--- About this task ---
Your output should be the lines below from the one with "Queta Aros de" through the one with "Table for 8–10", copied exactly, pictures excluded.

--- Exercise materials ---
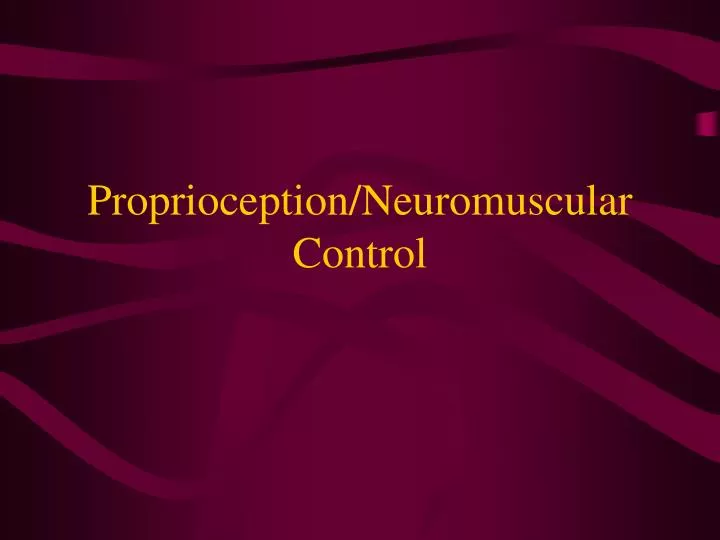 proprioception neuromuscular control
* * *
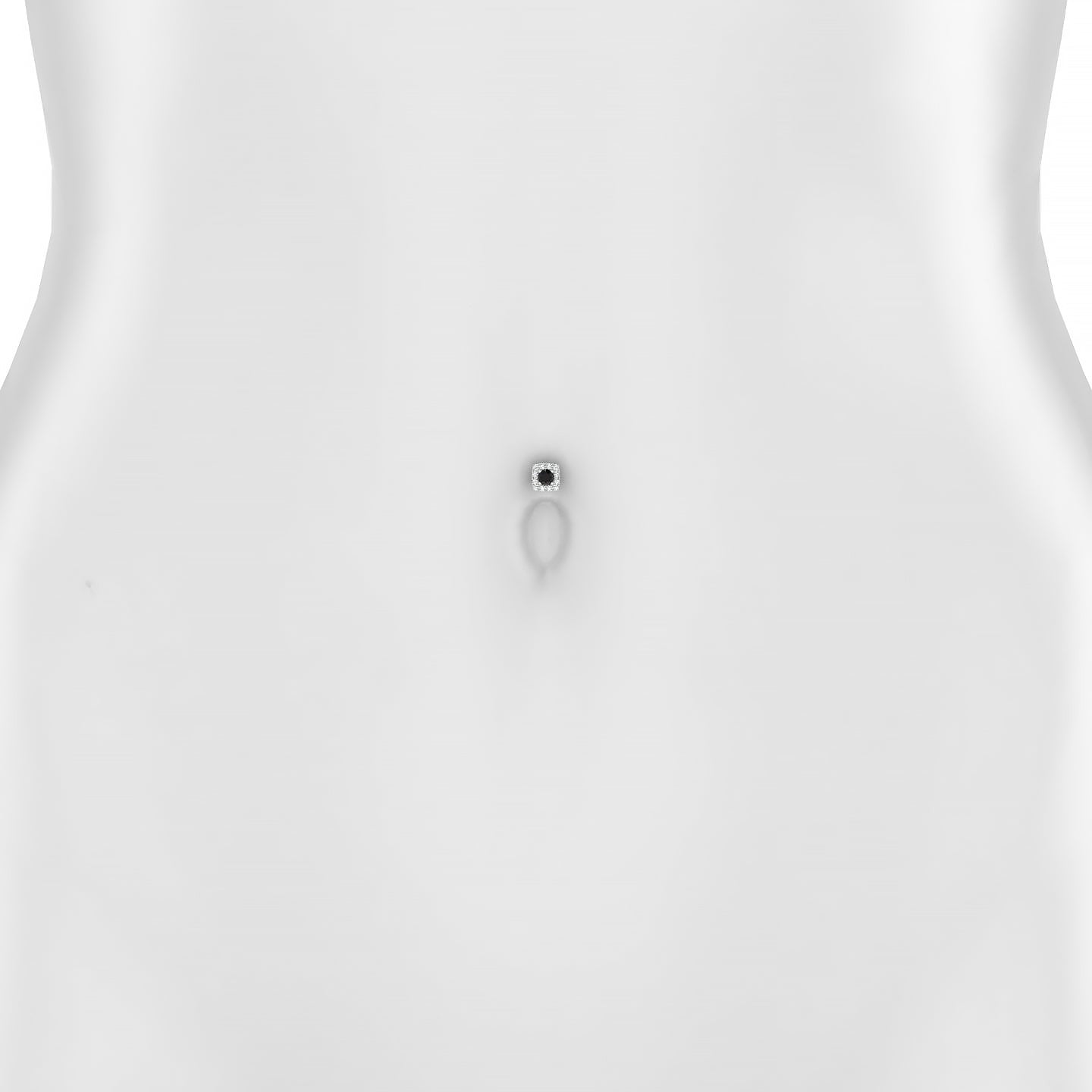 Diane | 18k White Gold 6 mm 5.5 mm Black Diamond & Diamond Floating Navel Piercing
...
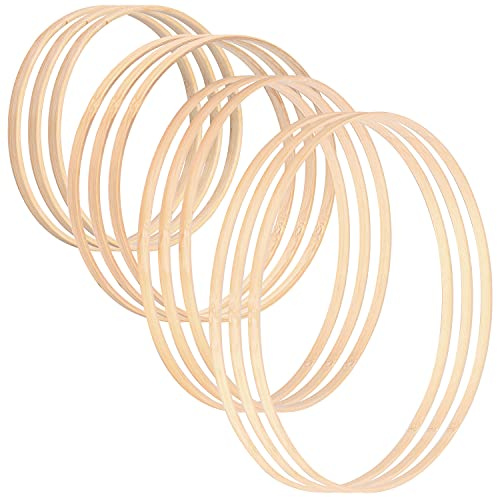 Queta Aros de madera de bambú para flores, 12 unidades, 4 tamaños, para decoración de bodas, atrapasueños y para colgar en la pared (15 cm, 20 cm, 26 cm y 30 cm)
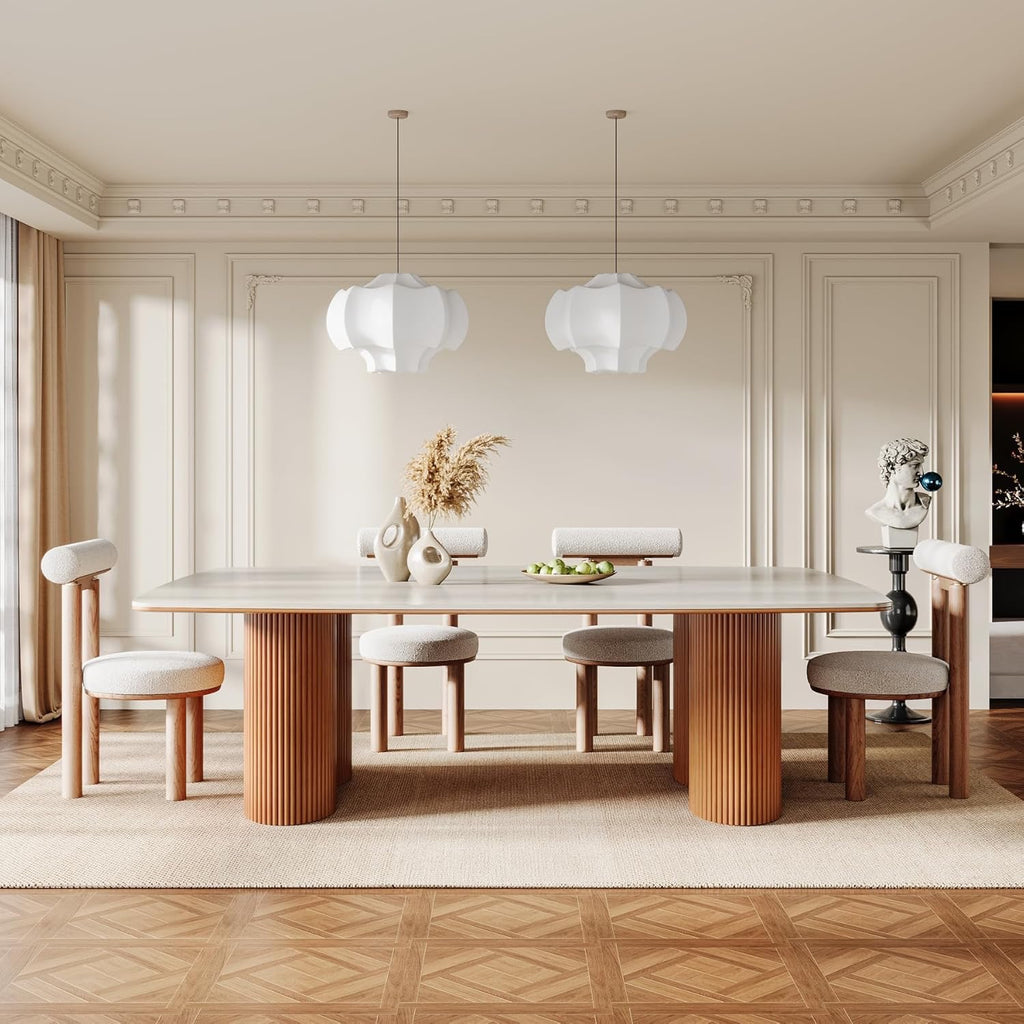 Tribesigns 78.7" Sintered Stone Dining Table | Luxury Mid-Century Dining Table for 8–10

--- Answer to the problem ---
 Queta Aros de madera de bambú para flores, 12 unidades, 4 tamaños, para decoración de bodas, atrapasueños y para colgar en la pared (15 cm, 20 cm, 26 cm y 30 cm)
 Tribesigns 78.7" Sintered Stone Dining Table | Luxury Mid-Century Dining Table for 8–10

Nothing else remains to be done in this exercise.